WHAT TO DO:
Using the data that follows, output only the lines from the line with "Ferienwohnung Petit Luxe" up to and including the line with "Casa para Alugar", exactly, leaving pictures aside.

[EXTRACTED MATERIAL — start]

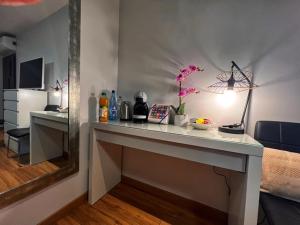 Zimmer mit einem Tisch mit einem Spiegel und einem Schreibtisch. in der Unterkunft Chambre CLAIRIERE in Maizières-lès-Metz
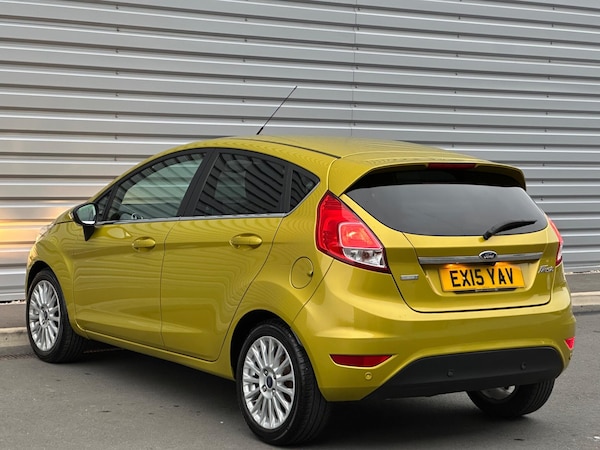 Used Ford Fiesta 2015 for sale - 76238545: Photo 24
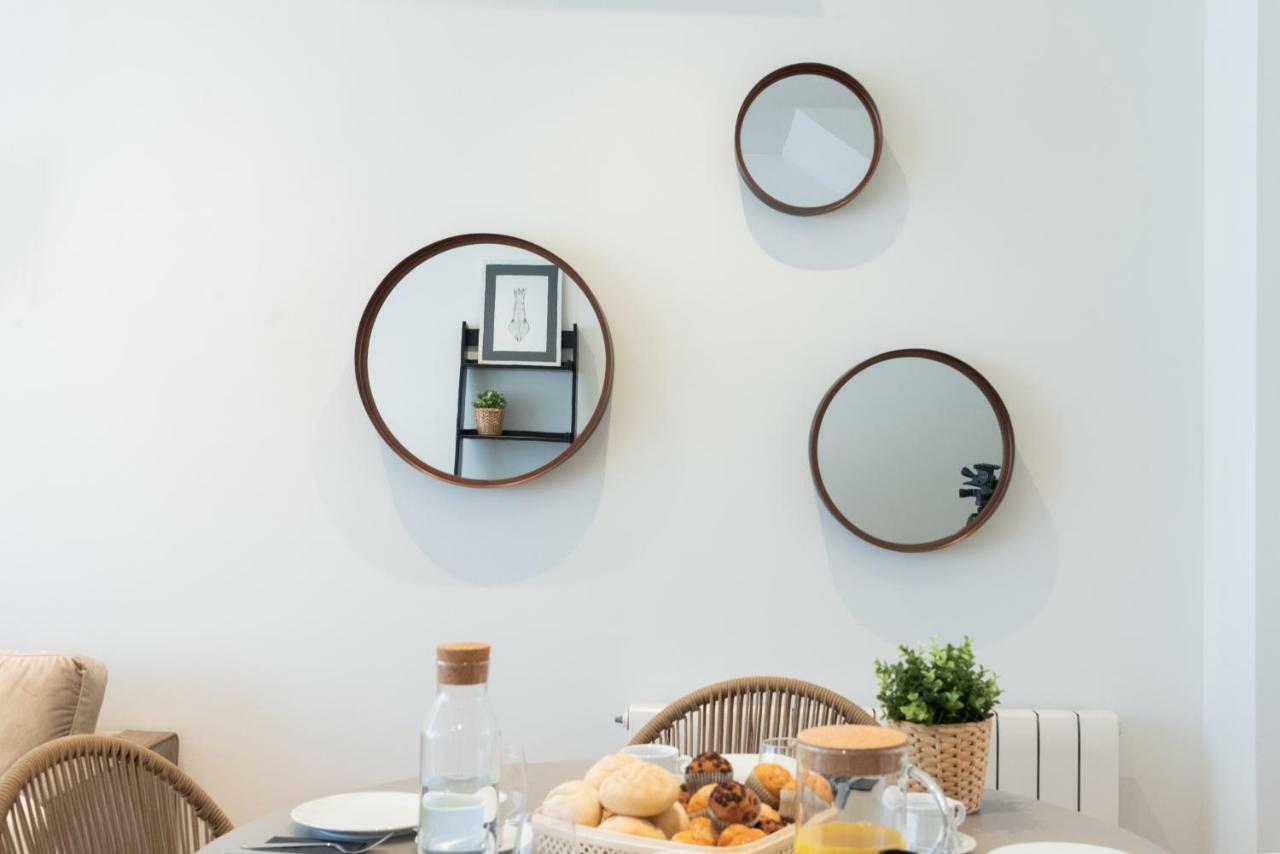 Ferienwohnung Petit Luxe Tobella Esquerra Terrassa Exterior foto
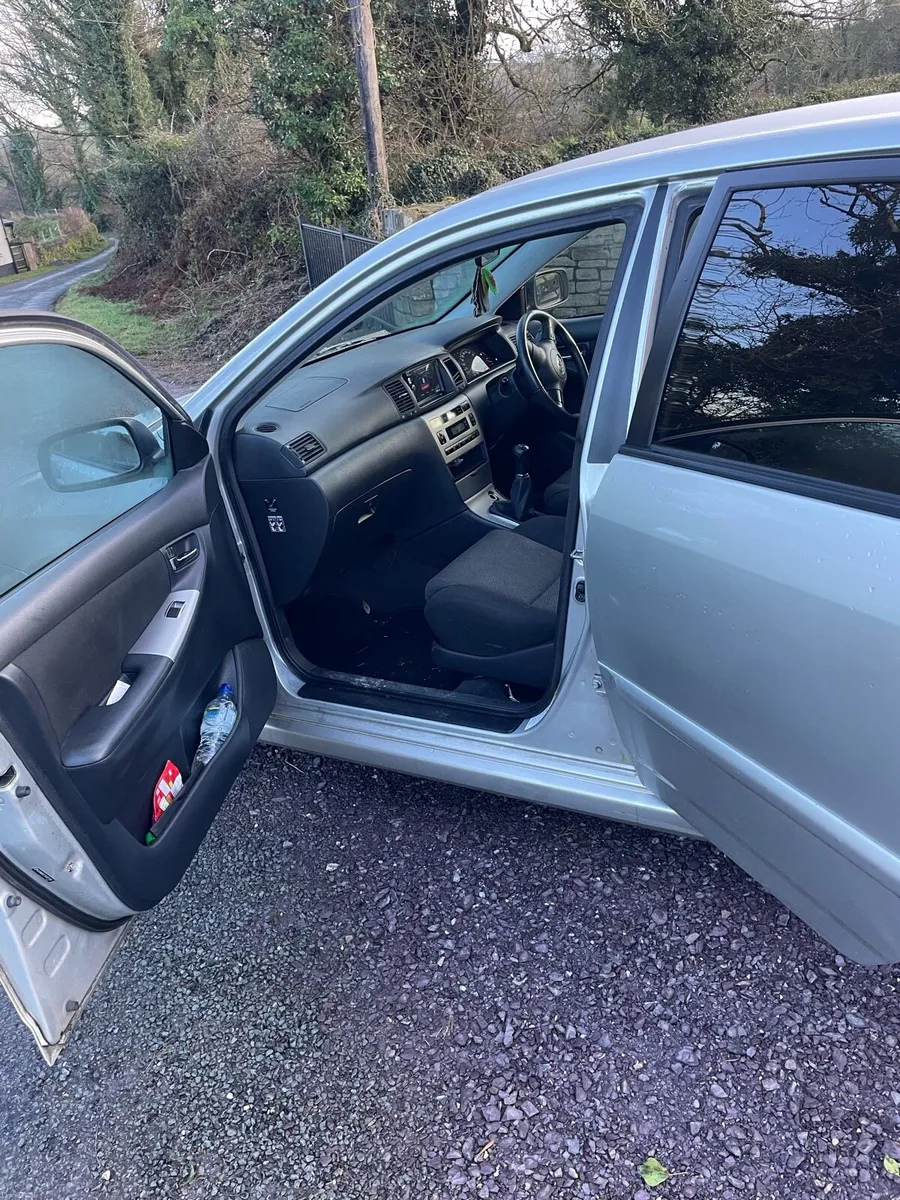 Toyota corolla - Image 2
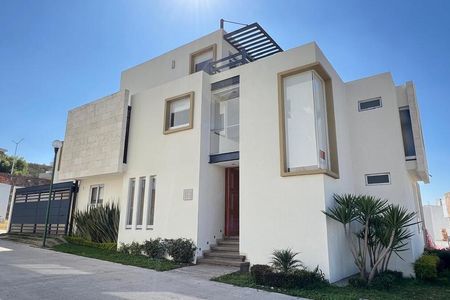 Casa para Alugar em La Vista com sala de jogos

[EXTRACTED MATERIAL — finish]
[EXTRACTED MATERIAL — start]

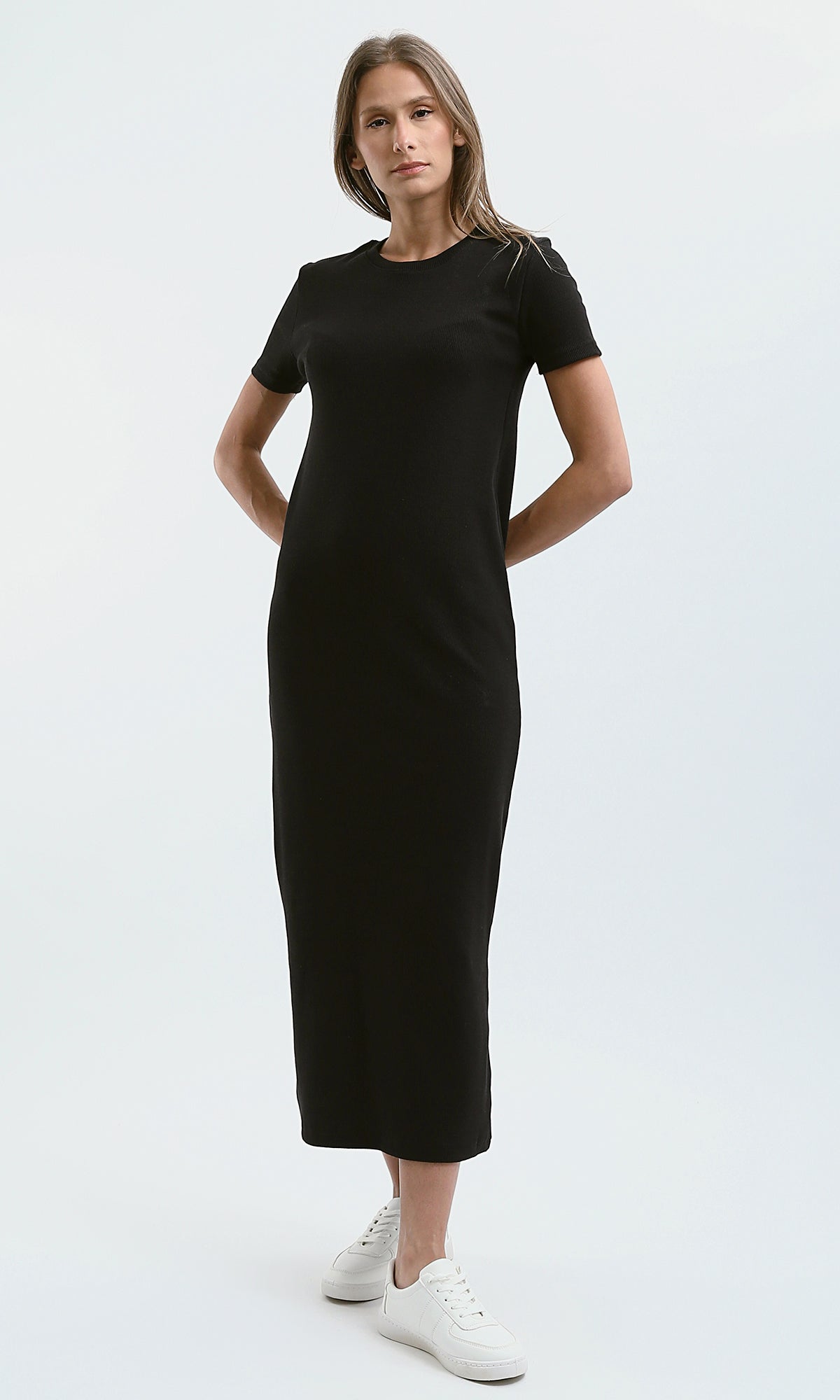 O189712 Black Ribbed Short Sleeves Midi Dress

[EXTRACTED MATERIAL — finish]

YOUR SOLUTION:
 Ferienwohnung Petit Luxe Tobella Esquerra Terrassa Exterior foto
 Toyota corolla - Image 2
 Casa para Alugar em La Vista com sala de jogos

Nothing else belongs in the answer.